Try reading a newspaper in your car, in tha passenger seat, while crusing down the freeway at 60mph with all of the windows open.

It's rather difficult to turn the pages.

Now, imagine an airplane crusing at 500+MPH with a hole the size of your living room picture window in the side.

It's NOT decompression, but rather the outside wind speed creating suction that will pop a stewardess right out of her JCCFM pumps!
 
Ever since that little story about planes exploding surfaced, I knew it was BS.

The B29 was used in the latter days of WWII and had pressurized compartments. The cockpit being the major.

Jap aircraft were armed with 20mm cannon and/or 30cal machine guns.

Many B29's came home with one or more holes. None exploded, had crew sucked out, etc due to decompression.

More leftist, blissninny, hoplophobe hysteria. :banghead:
 
It's misleading to only post a portion of the report, especially when the subject is very different from the subject at hand. Before Flight 243 even took off, it had a crack 6-8 inches long that was visible from inside the cabin as well as cracks further down the fuselage.

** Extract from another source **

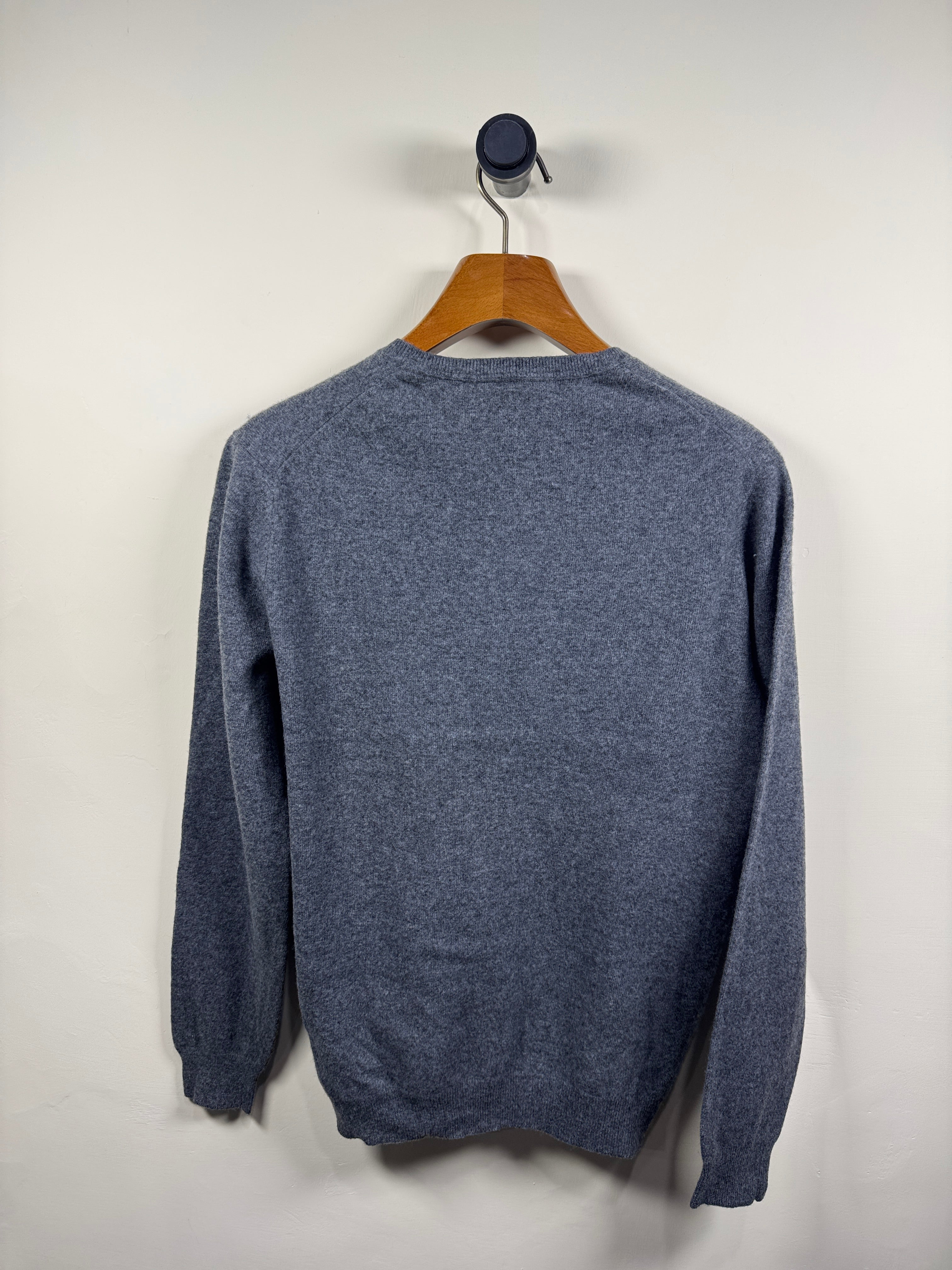 Pedro Del Hierro Geelong Lambswool Sweater (Large)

Um, how is it misleading to point out that rapid decompression is not going to automatically lead to the in-flight destruction of the aircraft?
 
"I wonder how all of them B-17s and B-24's made it back to friendly soil after being shot up by german fighters and flak guns? Oh, you mean planes don't explode if they get a hole in them?"

B-17s and B-24s were not pressurized.

The B-29 was the first American production bomber that was pressurized.

The Germans and Soviets, and possibly the Japanese, did experiment with very high altitude bombers and fighters that were pressurized.

Pressure at cruising altitudes (35,000 feet, plus minus) is about 2 PSI, if I remember correctly.

Most jetliners are pressurized to about 8 to 10 PSI.
 
"Explosive decompression" cannot be caused by any holes caused by small caliber bullets fired by air marshals or terrorists. The pressurization system can easily handle that sort of thing. Now the whole top of the plane coming off is a different story, but even so the plane was not destroyed. (I'll bet it was hell to control, though.)

Terrorists would not even try to destroy a plane by shooting holes in it. If they could not gain control of it, they would use explosives to blow it apart. Don't forget that these hi-jackers are not trying to use the plane for transportation; they want to use it as a weapon and, unlike a previous generation of hi-jackers, they want to die in the process.